Stored data entries
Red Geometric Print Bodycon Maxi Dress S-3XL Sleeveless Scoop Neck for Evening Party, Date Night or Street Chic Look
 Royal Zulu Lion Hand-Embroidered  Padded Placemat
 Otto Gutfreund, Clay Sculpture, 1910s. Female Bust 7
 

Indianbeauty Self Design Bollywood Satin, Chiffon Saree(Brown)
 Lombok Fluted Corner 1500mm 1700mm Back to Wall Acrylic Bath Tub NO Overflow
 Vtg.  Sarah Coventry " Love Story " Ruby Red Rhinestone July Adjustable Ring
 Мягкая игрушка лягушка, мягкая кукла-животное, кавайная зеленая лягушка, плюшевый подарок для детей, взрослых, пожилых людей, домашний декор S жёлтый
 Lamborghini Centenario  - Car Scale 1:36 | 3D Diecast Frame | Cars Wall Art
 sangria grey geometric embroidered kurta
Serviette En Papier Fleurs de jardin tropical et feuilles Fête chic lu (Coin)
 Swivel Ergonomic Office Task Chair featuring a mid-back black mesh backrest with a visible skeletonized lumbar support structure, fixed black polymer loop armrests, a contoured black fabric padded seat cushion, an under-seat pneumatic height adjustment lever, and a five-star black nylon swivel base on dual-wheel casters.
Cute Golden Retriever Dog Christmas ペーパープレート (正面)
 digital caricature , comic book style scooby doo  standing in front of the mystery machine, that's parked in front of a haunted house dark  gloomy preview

Your goal →
Among the entries above, locate the lines containing "Cars Wall Art" and "Serviette En Papier", and transcribe exactly those two lines and all lines between.

Answer to this problem →
 Lamborghini Centenario  - Car Scale 1:36 | 3D Diecast Frame | Cars Wall Art
 sangria grey geometric embroidered kurta
Serviette En Papier Fleurs de jardin tropical et feuilles Fête chic lu (Coin)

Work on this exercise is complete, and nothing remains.